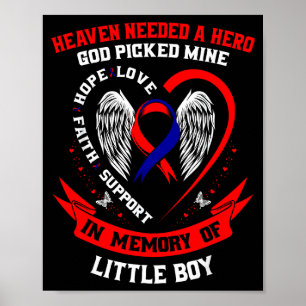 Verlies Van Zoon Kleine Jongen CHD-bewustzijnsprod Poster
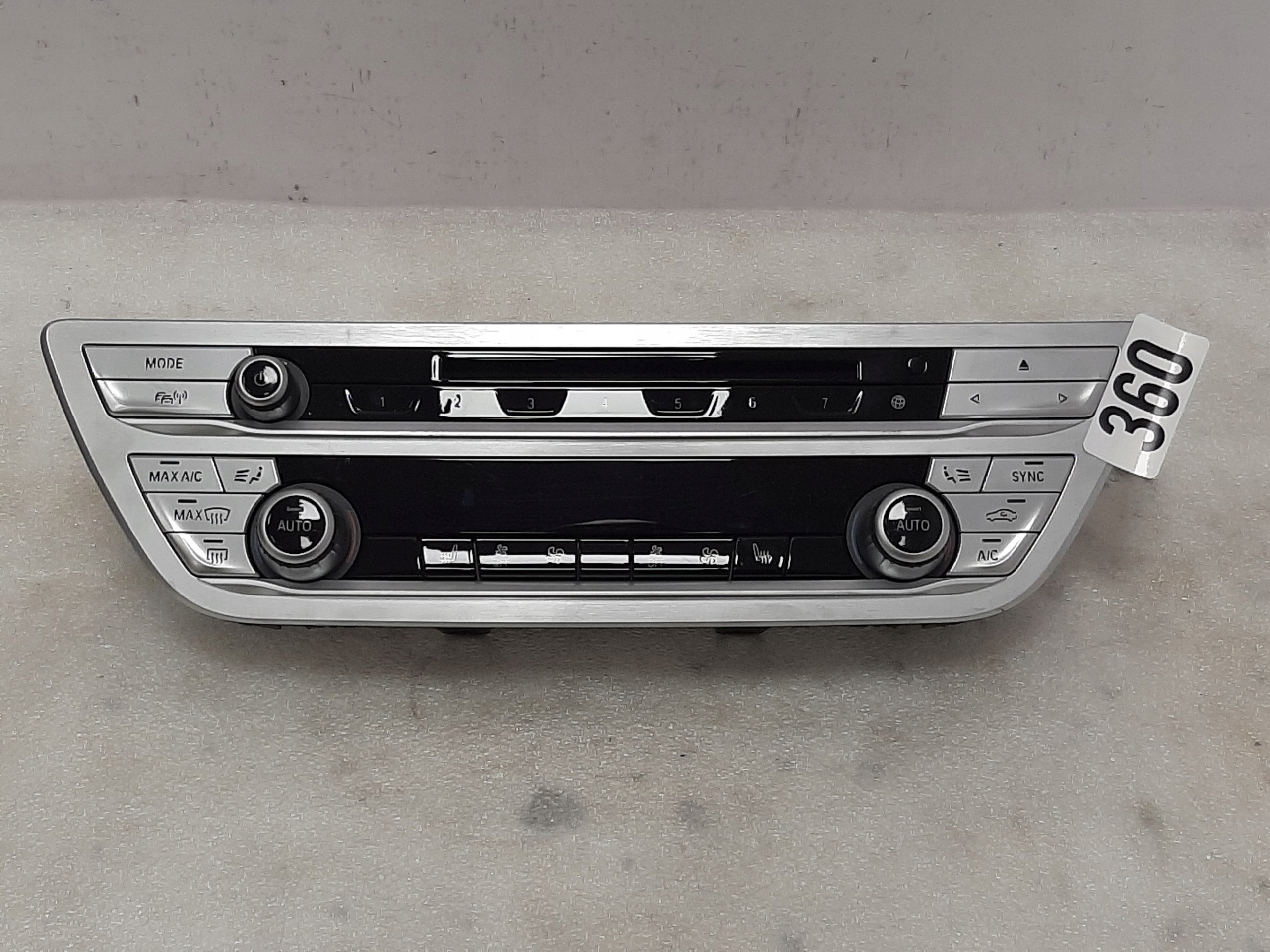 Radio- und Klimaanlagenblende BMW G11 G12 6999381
:::
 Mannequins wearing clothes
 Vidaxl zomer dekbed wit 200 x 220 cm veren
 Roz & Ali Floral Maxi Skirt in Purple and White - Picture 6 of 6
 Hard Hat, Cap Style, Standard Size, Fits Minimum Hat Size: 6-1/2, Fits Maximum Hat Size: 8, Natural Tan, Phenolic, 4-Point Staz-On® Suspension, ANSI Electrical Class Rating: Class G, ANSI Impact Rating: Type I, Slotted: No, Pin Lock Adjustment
:::
- [Description of the task]: Word for word, restate the lines of the data above that fall between the line holding "Vidaxl zomer dekbed wit 200 x 220 cm veren" and the line holding "Roz & Ali Floral", inclusive, and no other lines.

- [Answer to this task]:
 Vidaxl zomer dekbed wit 200 x 220 cm veren
 Roz & Ali Floral Maxi Skirt in Purple and White - Picture 6 of 6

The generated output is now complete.